The Smithsonian’s Asian Art Museum Has Mysteriously Axed Its Partnership With Hong Kong’s Trade Office After 27 Years

There is little consensus on the real reason behind its quiet ending.

National Museum of Asian Art December 03, 2019 in Washington, DC. (Photo by Katherine Frey/The Washington Post via Getty Images)

The Smithsonian’s National Museum of Asian Art (NMAA) has quietly stopped its partnership with the Hong Kong government’s offices in the U.S. after 27 years.

The reasons behind the move are unclear. The museum indicated that the end of the partnership had to do with its focus on its centennial celebration programming, planned for this year; The Hong Kong Economic and Trade Office (HKETO) in the U.S., which is the de facto official representative of the Hong Kong government, did not offer an explanation; pro-democracy Hong Kong activists in the U.S. said that it was political.

“The National Museum of Asian Art has no present partnership with the Hong Kong Economic Trade Office and is not seeking their support.
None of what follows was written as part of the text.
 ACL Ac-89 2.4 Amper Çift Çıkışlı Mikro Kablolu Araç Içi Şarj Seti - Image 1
We are assessing our programming and partnerships on the occasion of our 100th anniversary to make room for new voices and celebrate artists from across Asia,” Lori Duggan Gold, deputy director of the Washington institution, told Artnet News over email via a publicist.

The HKETO, however, did not deny nor did they confirm the end of this partnership. It said that their mission “has been to enrich economic, trade, investment, and arts and cultural ties between the United States and Hong Kong,” in an email reply sent to Artnet News. “Staying true to this mission, the offices continue to explore opportunities to foster people-to-people exchanges and reinforce ties in a range of mutually beneficial areas,” it added.
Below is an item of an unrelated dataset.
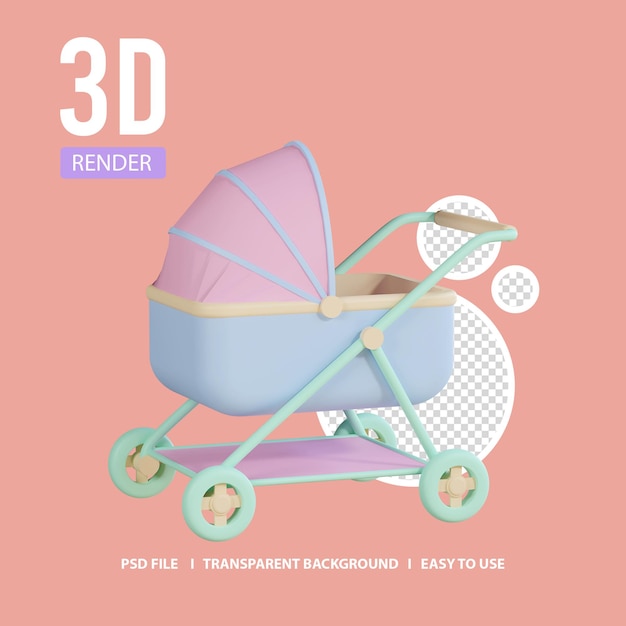 PSD 3d render icon baby stroller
A statement from the coalition of 20 Hong Kong groups in the U.S. said that the NMAA notified them that it had ended its relationship with the Hong Kong office. They urged U.S. institutions to stop working with HKETO as “the regime censors films, shuts down news organizations, and persecutes creators of art and culture, such as the recent imprisonment of five authors of allegorical children’s books about sheep,” the statement said. Calling for governments abroad to sanction on Hong Kong and China can be considered collusion with foreign forces under the sweeping national security law.
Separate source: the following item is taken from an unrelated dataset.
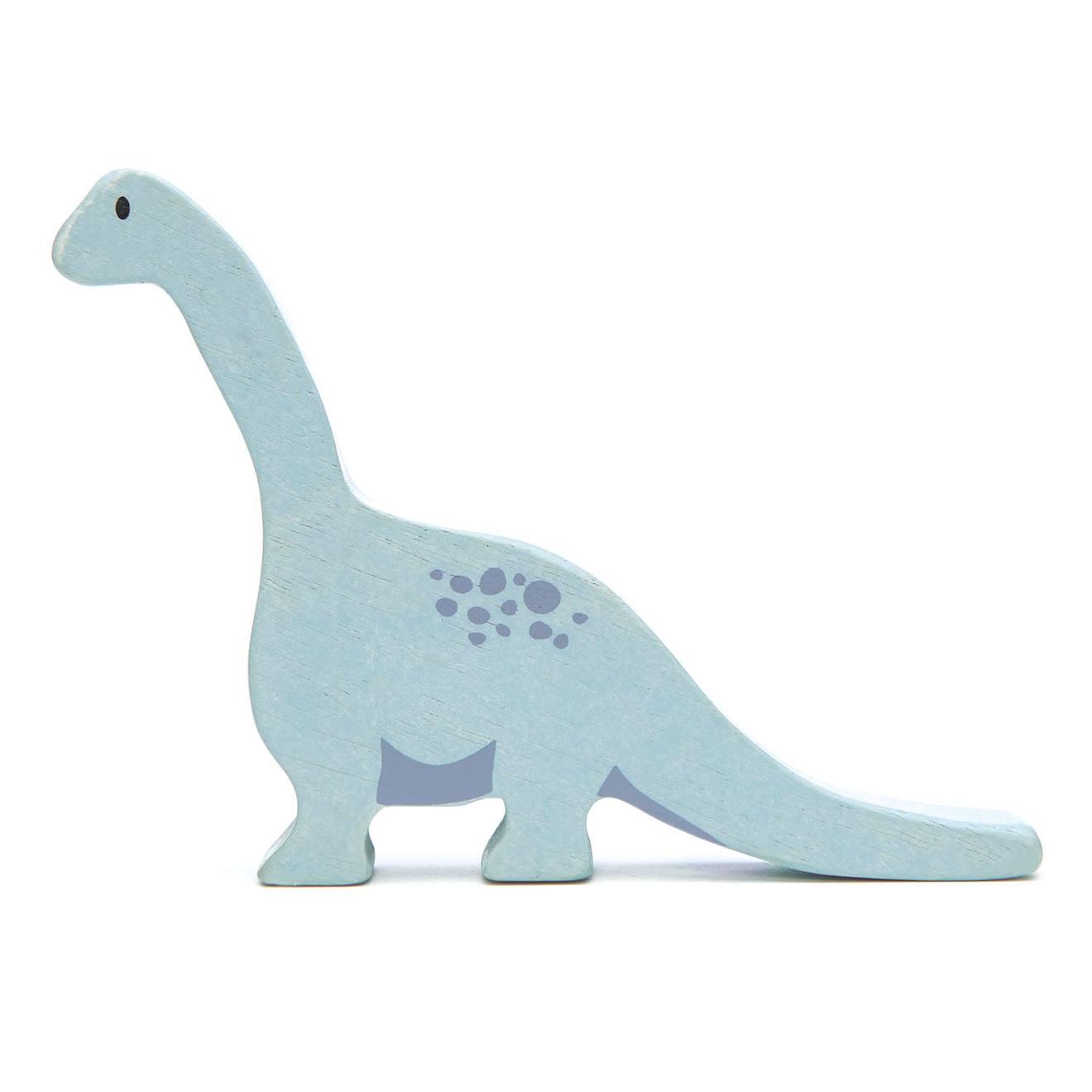Figurine Brachiosaure En Bois Bleu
The end of the partnership has come as a bill was introduced to the U.S. congress last month, calling for the country to reevaluate its recognition of the office amid the city’s changing political status. The city has lost its autonomy in the eyes of the U.S. government in 2020, following the implementation of the controversial national security law in the same year. The law was imposed by Beijing after waves of pro-democracy protests in 2019.

The HKETO has been a long-term partner of the Washington D.C. museum, mainly collaborating on “Made in Hong Kong,” a film festival showcasing Hong Kong cinema that had a 27-edition run. The last edition, held in August 2022, included an outdoor screening event, but details of the program can no longer be found on the museum’s website. The program sparked an outcry among pro-democracy activists, who accused the museum of collaborating with the city’s government while films were being banned in Hong Kong.

Following the national security law, Hong Kong’s freedom of expression has been said to be under threat, and in 2021, an amended its film censorship law was passed in order to “safeguard national security,” effectively banning films that are politically sensitive.